What Content Marketers, Publishers Can Learn from Yahoo’s Demise

While Yahoo was one of Silicon Valley’s most riveting success stories in its heyday, now it stands as a lesson and warning to others.

Yahoo-founders-Jerry-Yang_David-Filo

Jerry Yang and David Filo founded Yahoo! (Yet Another Hierarchically Organized Oracle) in 1994 as "Jerry and David's guide to the world wide web."

Yahoo Inc. last week announced it expects to complete its sale to Verizon for $4.8 billion this June, marking the end of its history as an independent firm.

Until recently, the once-mighty internet icon of the early days of the World Wide Web had revenues higher than LinkedIn and Twitter, and its traffic numbers outstripped the likes of Wikipedia, Amazon and eBay. Yahoo was one of Silicon Valley’s most riveting success stories.

Now it stands as a warning to others.

 

Yahoo's Slow and Steady Demise

 

In its heyday in the mid 2000s, Yahoo was flush with lucrative advertising deals from the world’s biggest brands. It enjoyed a good run as one of the top dogs in the world’s hottest industry with revenue soaring. By 2006, the web portal and search engine finished the year with $5.3 billion in revenue and $1.9 billion in profits.

But, the web giant has been unraveling—slowly and steadily—ever since.

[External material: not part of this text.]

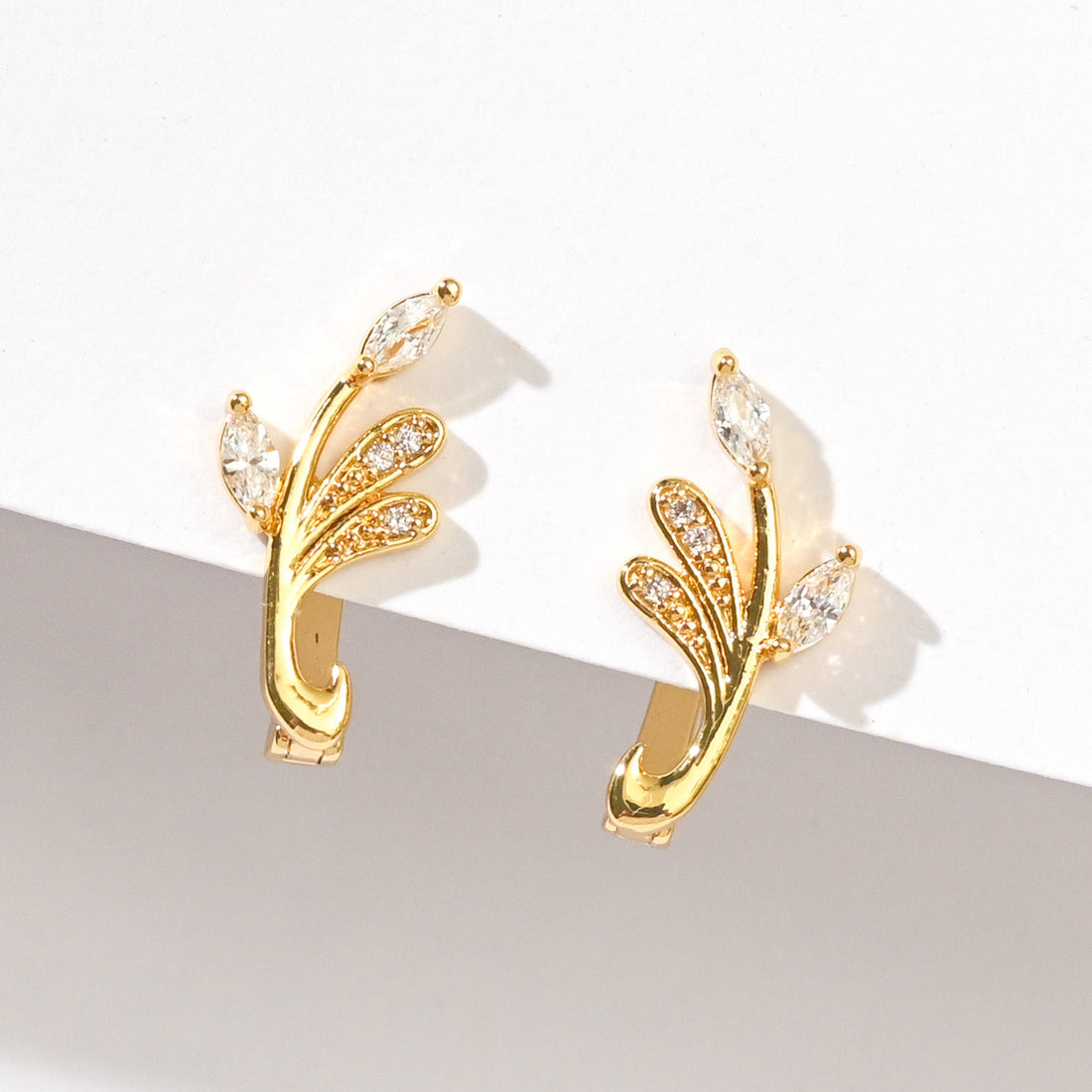 Yasmine Hoops | Clear Gold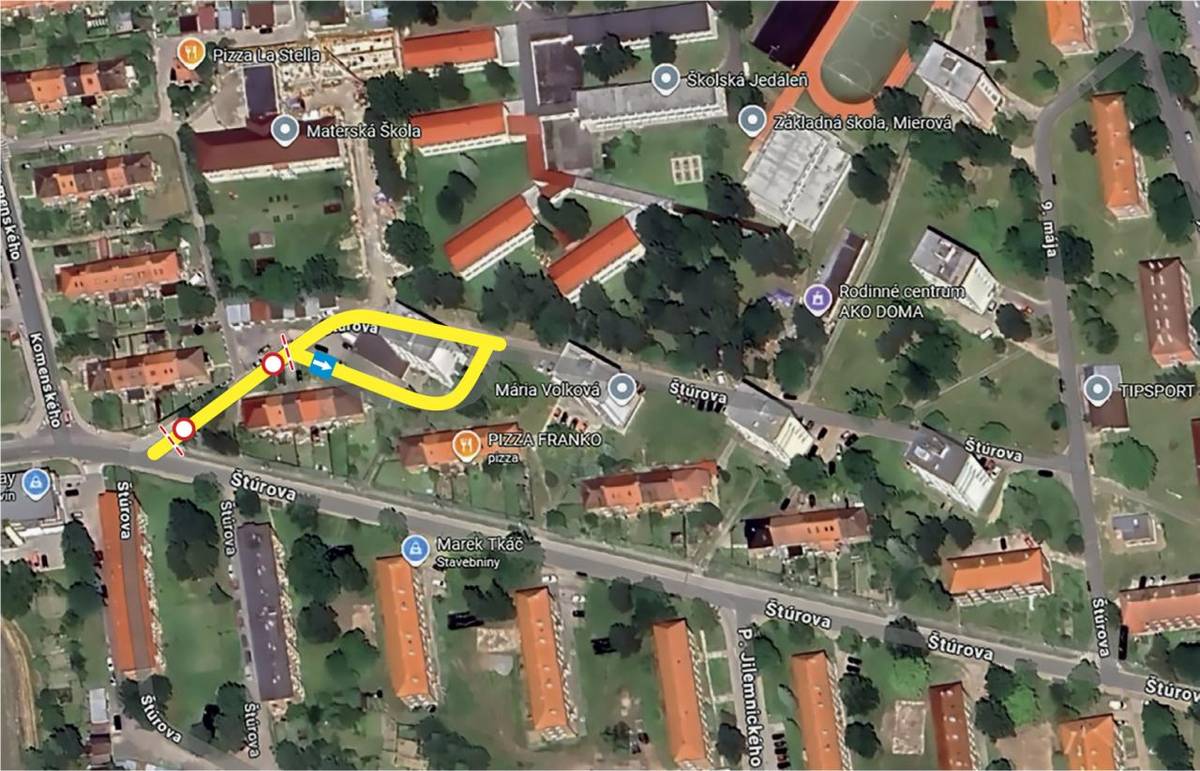 Mesto Svit informuje obyvateľov o pokračovaní rekonštrukčných prác na miestnej komunikácii vo vnútrobloku na Štúrovej ulici.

The unraveling has culminated in the company being put up for sale at a fraction of the more than $100 billion it was valued at in year 2000.

 

10 Lessons from Yahoo's Failures

 

Yahoo’s failures were multi-faceted and spectacular. Here are a few things online marketers, publishers and business owners can learn in hindsight from the spectacular demise of the once prominent web portal.

 

1. It’s vital that you identify what your core business is and what you want to be early.

 

Yahoo never really knew what it was or wanted to be. It fluctuated between the guises of a tech company and media giant. Its chronic lack of focus right from the start ensured it never was able to find a clear path to where it ought to go. As a result, whenever the internet zigged, Yahoo zagged.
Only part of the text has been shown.